Article: “Game UI By Example: A Crash Course in the Good and the Bad”

(https://gamedevelopment.tutsplus.com/tutorials/game-ui-by-example-a-crash-course-in-the-good-and-the-bad--gamedev-3943)


Guiding Principle: “A good UI tells you what you need to know, and then gets out of the way.” 


6 fundamental questions: 

  • Does this interface tell me what I need to know right now? 

  • Is it easy to find the information I'm looking for, or do I have to look around for it? (Are the menus nested so deep that they hide information from the player?) 

  • Can I use this interface without having to read instructions elsewhere? 

  • Are the things I can do on this screen obvious? 

  • Do I ever need to wait for the interface to load or play an animation? 

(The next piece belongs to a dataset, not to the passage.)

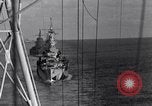 Image of Sailor bugler blows call through PA system on US warship Pacific Ocean, 1944, second 41 stock footage video 65675034732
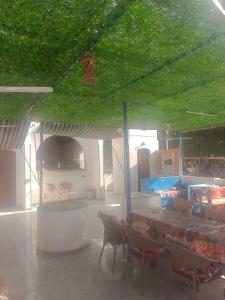 Airkela Nuba Dool2 في أسوان: غرفة ذات سقف أخضر مع كراسي وطاولة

  • Are there any tedious or repetitive tasks that I can shorten (with a shortcut key, for example) or remove entirely? 


Functional aspects of UI: 

  • How big is it? 

  • Does it (or should it) scroll? 

  • What information is displayed and where? 

  • How does the player navigate through it? 

  • Make mock-ups with two or three colors 

  • Never rely on color changes alone to convey information 

  • Keep in mind colorblindness too 


Features to include: 

  • Shortcuts 

  • Screen space-efficiency 

  • Maximize task efficiency; give the player what they want and when they need it 

  • Less interactions so player can be more engaged in playing the game 

  • You can drag these windows anywhere on the screen, and you can resize them or minimize them to tailor the UI to your needs

  • If you see an unfamiliar icon there you can hover over it in Menu mode, and a tooltip will tell you what it is

  • Almost everything is literally one click away


Key Takeaways: 

  • Predict what the user wants to know, and give them that information. 

  • Information must be easy to find 

  • Your UI should be easy to use and navigate

  • Use established patterns where you can. Everyone knows that Ctrl-Click adds items to selection, so don’t make it swap items instead

  • Make the user’s location in the menu system seems obvious, and make it obvious where the user can go and what they can do from there

  • Minimize load times and avoid animations in your menus

  • Eliminate or simplify repetitive tasks